## HOW TO COMPLETE THIS TASK
Line by line, give the data again exactly as it appears, but without pictures.

## DATA SEGMENT
##############################

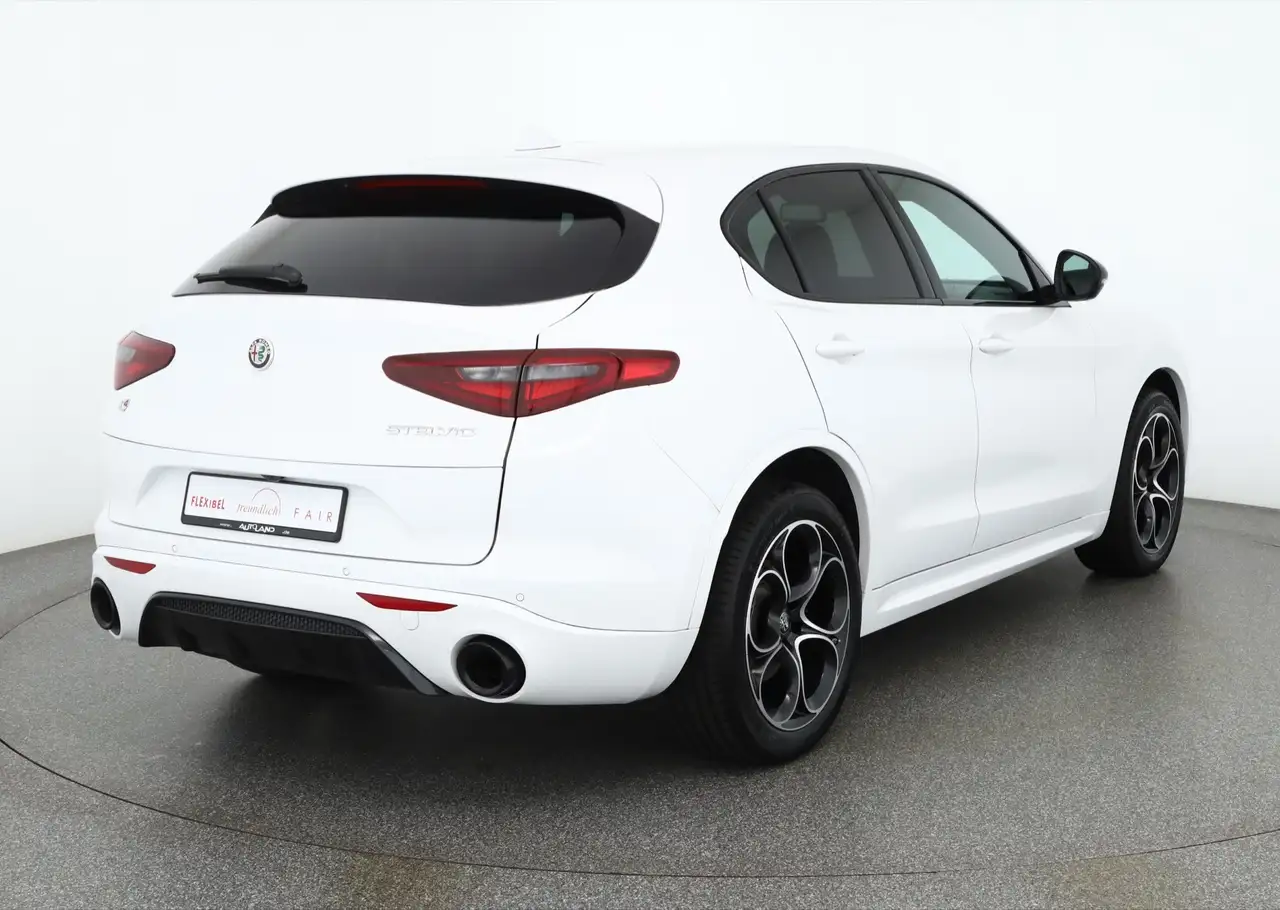 Alfa Romeo Stelvio 2022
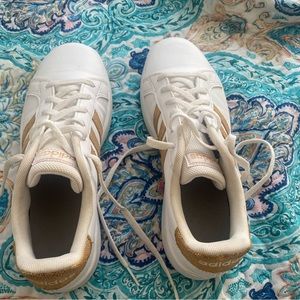 It’s really comfortable and only wore once you are able to run in whose shoes.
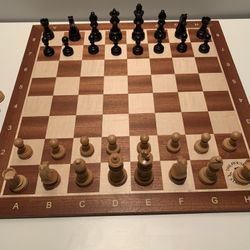 House Of Staunton Chess Set
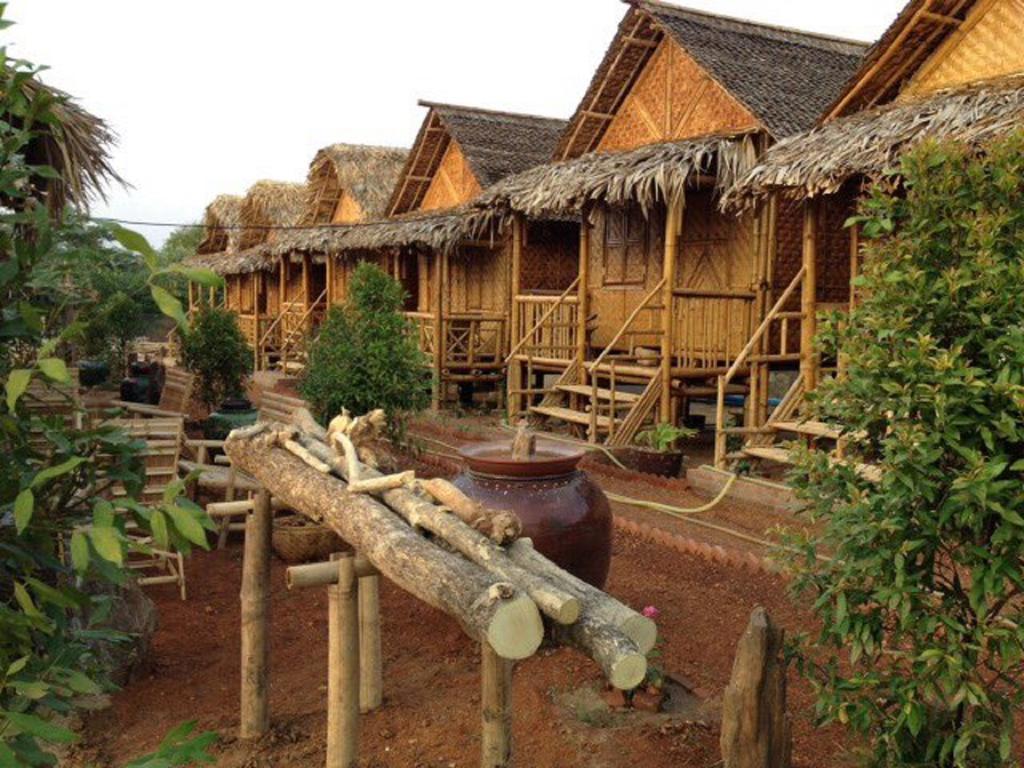 Ferienwohnung Bamboo House Bagan Exterior foto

##############################

## WORKED SOLUTION
 Alfa Romeo Stelvio 2022
 It’s really comfortable and only wore once you are able to run in whose shoes.
 House Of Staunton Chess Set
 Ferienwohnung Bamboo House Bagan Exterior foto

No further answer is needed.